L’objet de cet article n’est pas de revenir sur les positions développées par chacun des candidats au cours du débat, mais de souligner le succès majeur que constitue, pour Martin Schulz, sa simple tenue. Ce débat acte en effet la réussite du pari du candidat socialiste, qui, il y a un an, est parti en campagne, s’appuyant sur l’article 9 D du Traité de Lisbonne, qui indique que « En tenant compte des élections au Parlement européen, et après avoir procédé aux consultations appropriées, le Conseil européen, statuant à la majorité qualifiée, propose au Parlement européen un candidat à la fonction de président de la Commission.«
Cet appui était, à première vue, bien peu solide. Sujet à discussion, il ne stipule pas clairement que le candidat proposé par le Conseil européen, c’est-à-dire par la réunion des chefs d’Etats et de gouvernements, doit refléter la couleur politique du Parlement issu des urnes. Il impose seulement aux dirigeants européens de « tenir compte » du résultat des élections.
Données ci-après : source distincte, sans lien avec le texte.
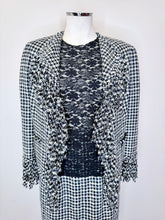 Load image into Gallery viewer, CHANEL Black and Ivory Houndstooth Fringe Finish Jacket Size 38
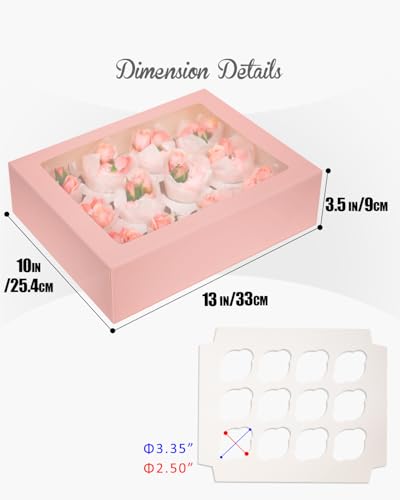 Bakepacker Auto-pop Up Cupcake Boxes with Window Pink 40PCS 12 Count - color: Pink, 40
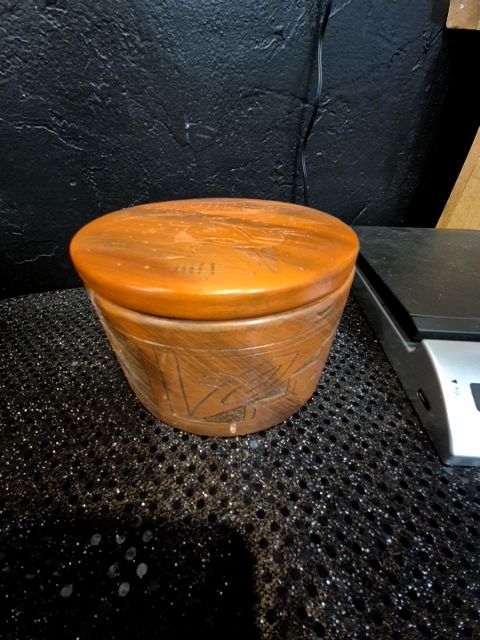 Terre Cotta Navajo Pottery w/Lid "as is" Cracked, 5" × 3.5"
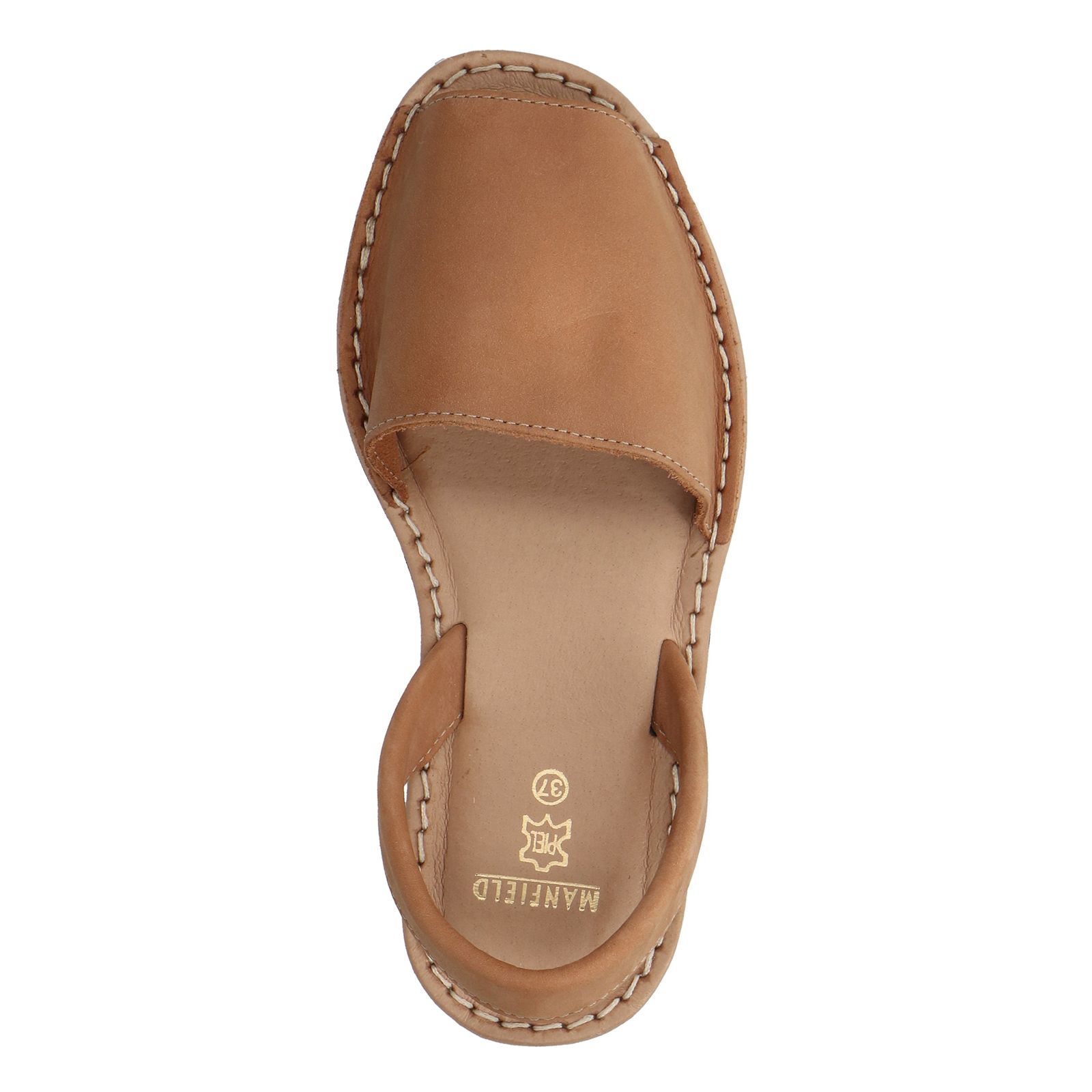 Cognac sandalen met plateauzool - Dames | MANFIELD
Autrement dit, les Etats ne se considéraient à l’origine nullement liés par une quelconque obligation, et pensaient pouvoir le moment venu imposer leur favori, afin que la Commission, qui représente l’intérêt général de l’Europe, demeure sous leur contrôle et ne se substitue pas à eux dans leur rôle de définition des grandes orientations de l’Union.
C’était sans compter la campagne de Martin Schulz. Le président du Parlement européen a réussi à transformer radicalement l’interprétation de l’article 9 D, et la vague injonction de « tenir compte des élections » est devenue obligation de respecter le choix des électeurs en proposant au vote du Parlement le candidat officiel de celui des partis qui remportera l’élection. Car Martin Schulz a lancé un mouvement qui a été suivi par les autres grands partis européens, comme en témoigne la tenue du premier débat entre les cinq candidats à la Présidence de la Commission européenne. Tous font campagne dans l’idée qu’ils seront désignés pour diriger la Commission européenne si leur parti arrive en tête le 25 mai. C’est là un point de consensus majeur entre les candidats, et Martin Schulz a rappelé que, si les Etats tentaient de se mettre d’accord sur un autre candidat, « aucun membre du Parlement européen ne voterait pour lui ». Ce qu’ont confirmé ses quatre concurrents.
La politisation de cette campagne, qui porte pour la première fois la perspective de donner un visage à l’Europe, légitime et reconnu car sorti des urnes, doit permettre d’intéresser les citoyens à une Union européenne regardée aujourd’hui avec indifférence, voir avec méfiance. Les forts taux d’abstention que prédisent les sondages semblent indiquer que le changement de perception ne sera peut-être pas immédiat. Il n’en demeure pas moins que l’élection par les citoyens européens du Président de la Commission marque une avancée importante pour l’Union européenne en renforçant le poids de l’instance communautaire.
Ainsi, si la Commission est dirigée par Martin Schulz à l’issue des élections, il pourra s’appuyer sur cette légitimité nouvelle et sur la majorité socialiste au Parlement, celle-là même qui aura permis son accession à la présidence, pour appliquer le programme du PSE et, enfin, changer l’Europe. Car il y a urgence : urgence à investir dans l’économie pour lutter contre le chômage, à faire de la jeunesse et de l’égalité entre les sexes une priorité, à rendre les institutions européennes plus démocratiques, plus transparentes et plus proches des citoyens, à se battre contre l’exil fiscal et les paradis fiscaux.